A woman filed a lawsuit against Saginaw, Michigan after she racked up 15 parking tickets.

A common practice used by parking enforcement officers across the country violates the U.S. Constitution, an appellate court ruled this week.

The problem is the chalking of car tires to keep track of how long a car is parked in a certain spot.

A woman challenged the Michigan city of Saginaw’s chalking practices in 2017 after her tires were marked 15 different times in three years—and each time she received a ticket. Lawyers representing Alison Taylor argued that the officer marking her tires with chalk amounted to unreasonable searches prohibited by the Fourth Amendment.

A panel of three judges on the 6th U.S. Circuit Court of Appeals agreed, finding that the marks indeed were a search and that no exception exists to allow this to happen without a warrant. “The City does not demonstrate, in law or logic, that the need to deter drivers from exceeding the time permitted for parking—before they have even done so—is sufficient to justify a warrantless search under the community caretaker rationale,” wrote Judge Bernice Bouie Donald.

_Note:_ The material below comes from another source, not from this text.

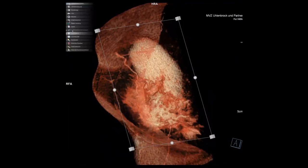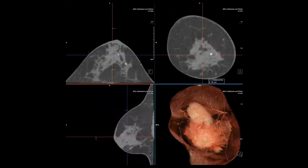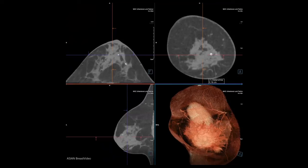Absolutely astonishing image quality in a short examination time. By the way, the radiation dosage of the Mama CT is the same as the corresponding full field digital mammography you've seen before. Thank you very much for your attention and have a good time, bye bye.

Saginaw officials have not commented on the decision. But officials in nearby Bay City told MLive.com that they would immediately halt the practice of marking tires with chalk. The appeals court covers Michigan, Ohio, Tennessee and Kentucky.

The Tampa Bay Times reported that even though Florida is not included in the 6th Circuit, the city of Tampa has decided to stop chalking and will just use its electronic methods to monitor parked cars. Officials with other jurisdictions, like St. Petersburg, said they saw no reason to switch things up. "Chalking tires has been used for over 60 years … and is widely-used across the country as a non-invasive way to keep track of overtime parking," a city spokesman told the newspaper.

Orin Kerr, a law professor at the University of Southern California, wrote on Reason’s Volokh Conspiracy blog that he wasn’t sure the decision was correctly decided, but advised city officials to take note.

He also raised the question if the possible end of chalk marks wouldn't be a big deal in the age of the smart phone, when officers can easily take time-stamped photos of a parked car. “It may be more complicated or expensive than chalking, but it avoids the Fourth Amendment concern by just observing what is in public without any physical attachment to property,” Kerr wrote.

Laura Maggi is the Managing Editor of Route Fifty.